Non va poi dimenticato il lavoro dell’editor o del redattore, che analizza ogni pagina, ti segnala le parole che hai utilizzato e quante volte le hai adoperate. Ricordo che nel secondo romanzo, Niente di vero tranne gli occhi, una redattrice mi aveva fatto notare di aver scritto 8.000 volte «in quel momento». È molto utile, quindi, avere a fianco persone competenti e saperne ascoltare i consigli.
Il mio approccio alla storia, come detto, consiste nel partire da un’idea, iniziando dal punto A e volendo arrivare al punto B. Nel mezzo, c’è un certo numero di capitoli e quando ci arrivo so già che avrò uno snodo narrativo da risolvere per arrivare al punto C. Non ho il dramma di capire: adesso cosa succede? So già cosa succede ed è chiaro che se in corso d’opera emerge qualcosa di meglio lo inserisco.
Per esempio, nel terzo romanzo, Fuori da un evidente destino, c’è nel primo capitolo un personaggio che va a caccia. Accanto a lui c’è un cane che si chiama Joe. Ho pensato: mandiamolo a caccia con l’arco, per fare una cosa originale. Ma la caccia con arco e cane è qualcosa di antitetico. Allora mi è venuta l’idea di creare un cane che non abbaiava mai, chiamandolo Silent Joe, in modo da essere perfetto per la caccia con l’arco. A questo punto subentra la parte narrativa, e mi sono chiesto: come dovrà essere questo cane? Un mio amico ha un cane che si chiama Leone, vive all’Elba e non fa un passo uguale all’altro.
Questo per dire che un autore si appoggia anche sulle cose che lo circondano. Credo sia molto importante vedere ciò che si ha intorno.
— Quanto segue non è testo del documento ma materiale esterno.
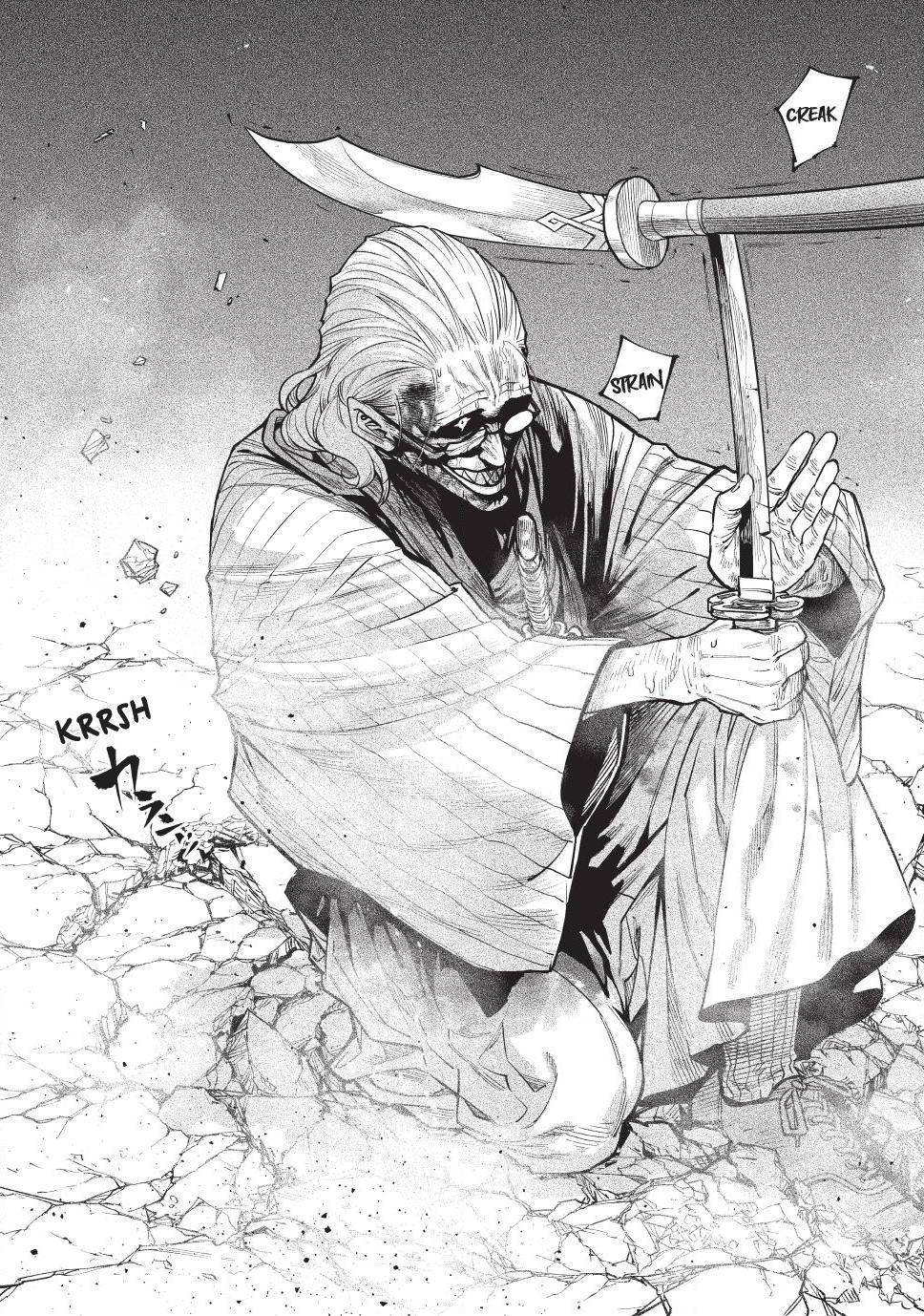 Tenkaichi - Nihon Saikyou Bugeisha Ketteisen Chapter 57 page 19 - Chapter 57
Io cerco di documentarmi il più possibile perché quanto più scrivi cose vere, tanto più hai la possibilità di inventare. In «Io uccido», libro che parla del mio vero grande amore, la musica, si trovano sia artisti veri sia altri frutto della mia fantasia. Come Robert Fulton, un bluesman a tal punto verosimile che alcuni lettori sono andati realmente alla ricerca dei suoi dischi. Per me è stato un risultato enorme perché ho reso plausibile una cosa non vera.
Per il resto, credo che ogni arte abbia la sua tecnica; ma la tecnica non è arte. Si possono imparare degli artifici tecnici, ma le regole sono anche date per essere distrutte.